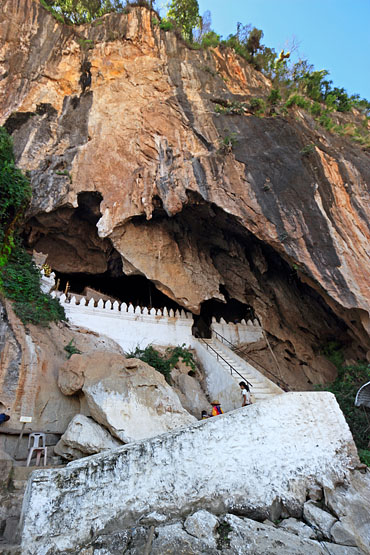 LAOS, Luang Prabang, Pak Ou Caves, entrance, LAO304JPL 370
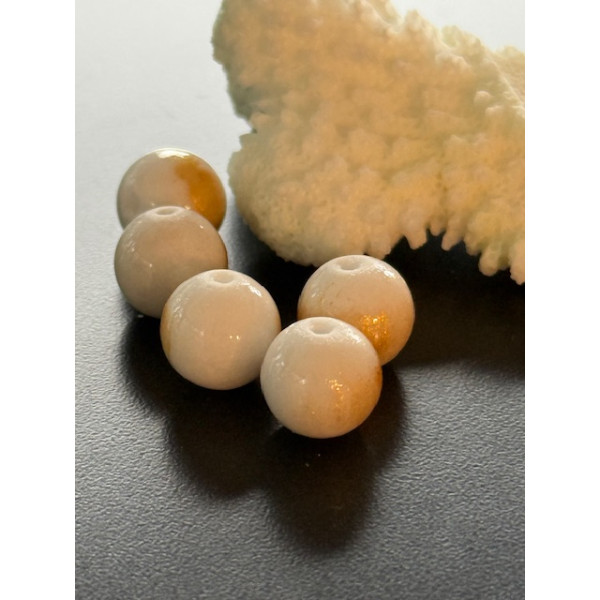 Perles Rondes Jade Mashan Crème mordoré 10mm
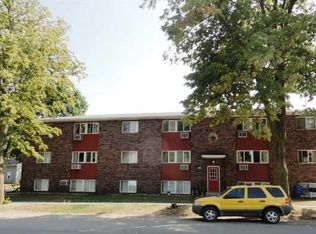 225 1st St E #1, Newhall, IA 52315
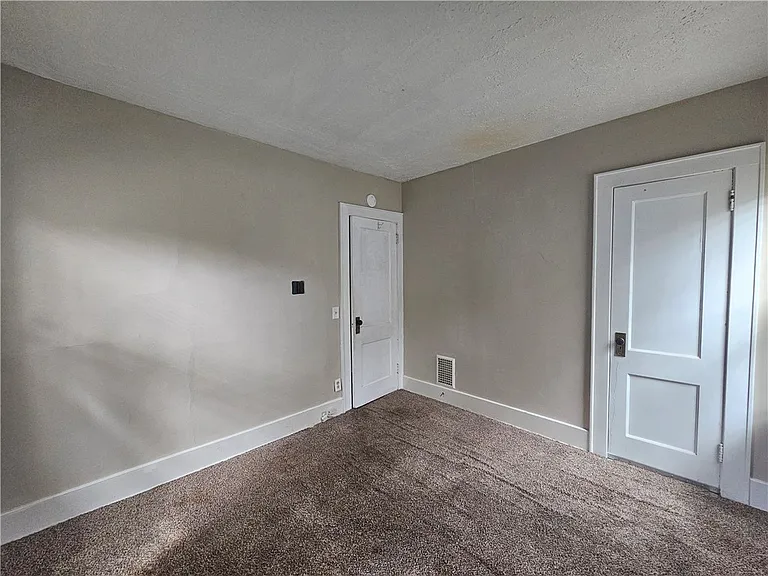 133 McKinley St — Photo 15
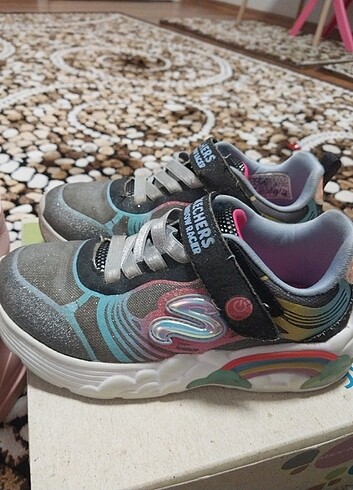 SKECHERS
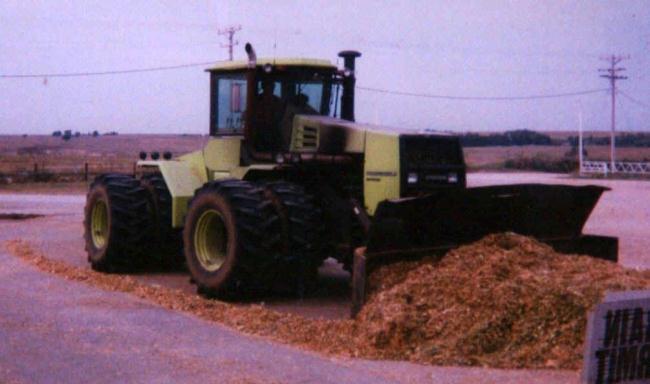 The CA-280, CA-325 and CA-360 used Caterpillar engines. Steiger also offered Agricultural models of the CA and CU models for farming.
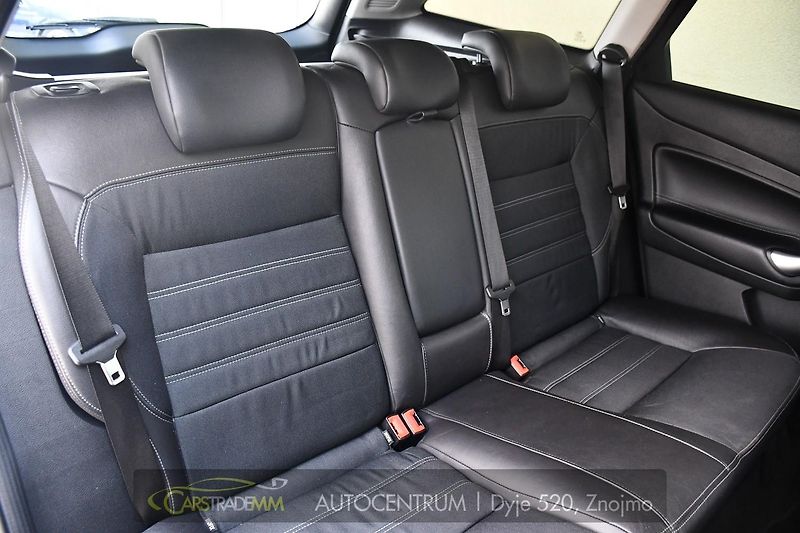 Ford Mondeo 2.0TDCi NAVI PDC - fotka 20 z 44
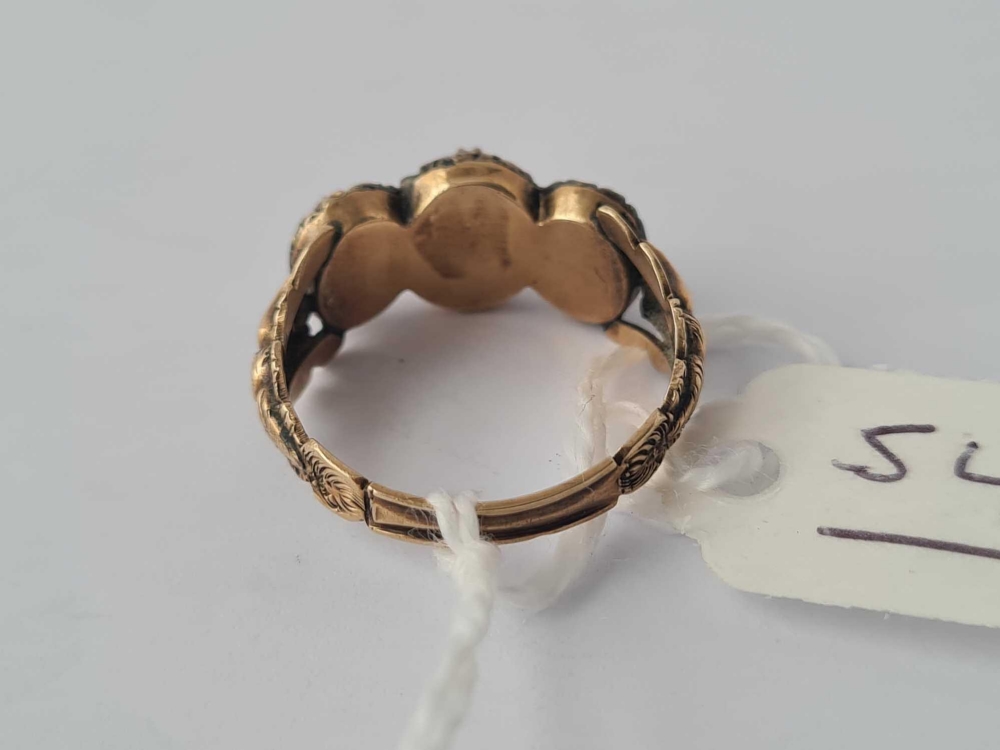 A Georgian fancy gold ring set with three stones size p - 2.7 gms - Image 3 of 3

========

▸ What you have to do
Excluding pictures, reproduce the listing above exactly as it stands.

▸ Exercise answer
 LAOS, Luang Prabang, Pak Ou Caves, entrance, LAO304JPL 370
 Perles Rondes Jade Mashan Crème mordoré 10mm
 225 1st St E #1, Newhall, IA 52315
 133 McKinley St — Photo 15
 SKECHERS
 The CA-280, CA-325 and CA-360 used Caterpillar engines. Steiger also offered Agricultural models of the CA and CU models for farming.
 Ford Mondeo 2.0TDCi NAVI PDC - fotka 20 z 44
 A Georgian fancy gold ring set with three stones size p - 2.7 gms - Image 3 of 3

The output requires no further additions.